◆ **Task item**
Nothing but the lines below between the line holding "Flats Jardim de Ramos Paraty" and the line holding "Gomorrah Season 3", inclusive, should appear in the answer, each set down exactly.

----

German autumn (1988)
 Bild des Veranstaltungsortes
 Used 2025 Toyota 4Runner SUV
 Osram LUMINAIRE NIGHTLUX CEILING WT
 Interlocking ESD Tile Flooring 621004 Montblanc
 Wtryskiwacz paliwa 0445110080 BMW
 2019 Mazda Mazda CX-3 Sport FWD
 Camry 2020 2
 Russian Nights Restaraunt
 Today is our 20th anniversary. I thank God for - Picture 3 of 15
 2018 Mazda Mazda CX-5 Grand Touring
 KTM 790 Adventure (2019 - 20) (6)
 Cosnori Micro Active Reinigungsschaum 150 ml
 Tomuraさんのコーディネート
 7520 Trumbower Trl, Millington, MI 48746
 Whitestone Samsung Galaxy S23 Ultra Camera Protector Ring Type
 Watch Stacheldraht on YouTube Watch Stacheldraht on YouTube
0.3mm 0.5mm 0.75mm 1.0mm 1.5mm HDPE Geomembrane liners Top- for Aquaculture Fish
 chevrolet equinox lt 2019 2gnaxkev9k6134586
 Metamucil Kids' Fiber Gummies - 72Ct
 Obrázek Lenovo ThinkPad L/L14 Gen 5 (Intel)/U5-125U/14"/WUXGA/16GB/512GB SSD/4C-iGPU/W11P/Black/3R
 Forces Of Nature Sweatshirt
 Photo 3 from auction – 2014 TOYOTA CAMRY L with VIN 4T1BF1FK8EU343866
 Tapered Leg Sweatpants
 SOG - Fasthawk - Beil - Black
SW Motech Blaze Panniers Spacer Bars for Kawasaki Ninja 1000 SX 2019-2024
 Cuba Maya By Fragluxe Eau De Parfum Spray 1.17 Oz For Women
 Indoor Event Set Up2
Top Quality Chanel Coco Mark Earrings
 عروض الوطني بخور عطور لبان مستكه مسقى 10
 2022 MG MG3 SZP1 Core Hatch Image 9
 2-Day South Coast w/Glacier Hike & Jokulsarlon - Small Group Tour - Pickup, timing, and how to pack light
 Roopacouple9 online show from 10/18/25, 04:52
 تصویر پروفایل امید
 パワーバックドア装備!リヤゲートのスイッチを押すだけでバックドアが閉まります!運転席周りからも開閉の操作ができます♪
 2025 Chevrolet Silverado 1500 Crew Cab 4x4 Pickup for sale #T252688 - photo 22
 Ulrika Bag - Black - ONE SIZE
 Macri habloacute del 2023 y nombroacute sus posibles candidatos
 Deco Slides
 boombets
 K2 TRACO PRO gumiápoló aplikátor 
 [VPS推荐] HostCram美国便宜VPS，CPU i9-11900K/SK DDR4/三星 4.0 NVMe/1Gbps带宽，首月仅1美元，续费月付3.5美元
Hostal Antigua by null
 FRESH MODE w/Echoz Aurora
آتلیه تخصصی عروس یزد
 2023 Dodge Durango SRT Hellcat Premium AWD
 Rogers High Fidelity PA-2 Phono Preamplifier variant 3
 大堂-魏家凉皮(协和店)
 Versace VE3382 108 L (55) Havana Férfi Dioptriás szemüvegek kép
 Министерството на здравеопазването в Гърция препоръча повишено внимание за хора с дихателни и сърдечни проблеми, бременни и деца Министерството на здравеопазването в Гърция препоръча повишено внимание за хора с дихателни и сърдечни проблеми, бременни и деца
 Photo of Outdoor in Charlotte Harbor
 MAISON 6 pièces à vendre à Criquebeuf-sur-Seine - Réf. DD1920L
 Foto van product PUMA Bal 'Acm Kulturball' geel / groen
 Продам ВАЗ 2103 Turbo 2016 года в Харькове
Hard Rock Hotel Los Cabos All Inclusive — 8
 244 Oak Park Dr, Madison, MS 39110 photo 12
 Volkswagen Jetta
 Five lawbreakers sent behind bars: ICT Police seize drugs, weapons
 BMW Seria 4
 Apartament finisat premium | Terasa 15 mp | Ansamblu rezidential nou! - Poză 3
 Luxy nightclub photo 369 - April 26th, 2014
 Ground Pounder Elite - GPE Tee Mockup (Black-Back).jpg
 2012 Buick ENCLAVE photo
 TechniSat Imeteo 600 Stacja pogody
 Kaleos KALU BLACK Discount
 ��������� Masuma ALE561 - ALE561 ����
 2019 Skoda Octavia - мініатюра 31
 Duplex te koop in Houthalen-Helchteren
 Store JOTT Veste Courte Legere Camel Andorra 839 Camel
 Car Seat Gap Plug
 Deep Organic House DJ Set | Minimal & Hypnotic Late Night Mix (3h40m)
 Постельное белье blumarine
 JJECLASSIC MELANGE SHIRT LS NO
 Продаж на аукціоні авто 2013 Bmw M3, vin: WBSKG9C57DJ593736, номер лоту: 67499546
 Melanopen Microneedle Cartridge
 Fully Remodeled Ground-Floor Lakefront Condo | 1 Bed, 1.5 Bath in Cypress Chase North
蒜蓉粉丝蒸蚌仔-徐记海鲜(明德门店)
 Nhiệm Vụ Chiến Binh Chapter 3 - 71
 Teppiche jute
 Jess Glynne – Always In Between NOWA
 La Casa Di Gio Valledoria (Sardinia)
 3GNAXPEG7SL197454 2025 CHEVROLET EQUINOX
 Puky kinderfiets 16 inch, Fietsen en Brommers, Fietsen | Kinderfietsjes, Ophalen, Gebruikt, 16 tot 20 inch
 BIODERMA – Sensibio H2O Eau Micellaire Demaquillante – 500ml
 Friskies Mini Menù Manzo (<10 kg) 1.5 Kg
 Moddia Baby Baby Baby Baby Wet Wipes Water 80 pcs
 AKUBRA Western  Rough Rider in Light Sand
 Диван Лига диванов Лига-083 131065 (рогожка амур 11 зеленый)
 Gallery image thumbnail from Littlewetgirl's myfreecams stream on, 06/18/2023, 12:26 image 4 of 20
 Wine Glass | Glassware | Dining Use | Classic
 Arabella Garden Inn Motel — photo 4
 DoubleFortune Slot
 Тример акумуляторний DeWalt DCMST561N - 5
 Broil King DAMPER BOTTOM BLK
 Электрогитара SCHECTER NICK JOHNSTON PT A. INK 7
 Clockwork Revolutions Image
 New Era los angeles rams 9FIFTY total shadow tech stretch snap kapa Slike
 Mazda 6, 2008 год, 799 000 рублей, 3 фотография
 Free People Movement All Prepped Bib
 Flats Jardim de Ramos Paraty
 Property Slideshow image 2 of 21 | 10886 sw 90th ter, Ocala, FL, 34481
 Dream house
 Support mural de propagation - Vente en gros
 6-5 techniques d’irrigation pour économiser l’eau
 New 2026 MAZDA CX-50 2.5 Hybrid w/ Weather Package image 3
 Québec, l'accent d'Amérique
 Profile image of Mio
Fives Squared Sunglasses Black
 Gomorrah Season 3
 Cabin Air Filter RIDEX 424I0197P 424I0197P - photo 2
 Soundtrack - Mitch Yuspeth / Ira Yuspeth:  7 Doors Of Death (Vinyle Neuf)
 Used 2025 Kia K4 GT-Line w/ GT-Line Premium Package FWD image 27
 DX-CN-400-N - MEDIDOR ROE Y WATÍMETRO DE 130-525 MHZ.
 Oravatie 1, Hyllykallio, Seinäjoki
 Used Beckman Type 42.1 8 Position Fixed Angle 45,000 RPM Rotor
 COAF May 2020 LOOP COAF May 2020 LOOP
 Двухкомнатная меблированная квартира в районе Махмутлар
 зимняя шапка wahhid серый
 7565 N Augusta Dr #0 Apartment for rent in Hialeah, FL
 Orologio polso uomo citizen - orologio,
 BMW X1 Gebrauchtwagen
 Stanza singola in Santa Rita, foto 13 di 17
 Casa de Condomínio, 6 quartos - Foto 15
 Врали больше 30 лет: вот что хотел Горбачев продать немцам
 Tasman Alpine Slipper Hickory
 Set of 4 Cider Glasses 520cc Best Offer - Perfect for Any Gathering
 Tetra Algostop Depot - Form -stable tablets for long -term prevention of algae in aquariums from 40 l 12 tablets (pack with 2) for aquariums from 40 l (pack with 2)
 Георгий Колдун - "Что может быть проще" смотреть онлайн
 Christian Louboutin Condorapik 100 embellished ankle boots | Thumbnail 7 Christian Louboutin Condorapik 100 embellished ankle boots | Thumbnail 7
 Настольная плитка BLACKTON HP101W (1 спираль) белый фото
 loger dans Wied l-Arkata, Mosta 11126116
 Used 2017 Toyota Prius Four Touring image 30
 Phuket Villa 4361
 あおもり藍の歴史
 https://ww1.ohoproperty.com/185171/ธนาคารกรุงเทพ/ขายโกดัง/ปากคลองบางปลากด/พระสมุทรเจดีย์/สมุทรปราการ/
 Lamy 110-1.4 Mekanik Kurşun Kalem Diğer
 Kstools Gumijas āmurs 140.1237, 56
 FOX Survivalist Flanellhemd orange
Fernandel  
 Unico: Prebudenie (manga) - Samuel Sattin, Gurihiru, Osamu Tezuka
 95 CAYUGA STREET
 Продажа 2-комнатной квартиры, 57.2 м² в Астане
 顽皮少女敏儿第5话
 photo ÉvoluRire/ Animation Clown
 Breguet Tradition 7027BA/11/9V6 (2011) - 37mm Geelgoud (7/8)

----

◆ **Result for this exercise**
 Flats Jardim de Ramos Paraty
 Property Slideshow image 2 of 21 | 10886 sw 90th ter, Ocala, FL, 34481
 Dream house
 Support mural de propagation - Vente en gros
 6-5 techniques d’irrigation pour économiser l’eau
 New 2026 MAZDA CX-50 2.5 Hybrid w/ Weather Package image 3
 Québec, l'accent d'Amérique
 Profile image of Mio
Fives Squared Sunglasses Black
 Gomorrah Season 3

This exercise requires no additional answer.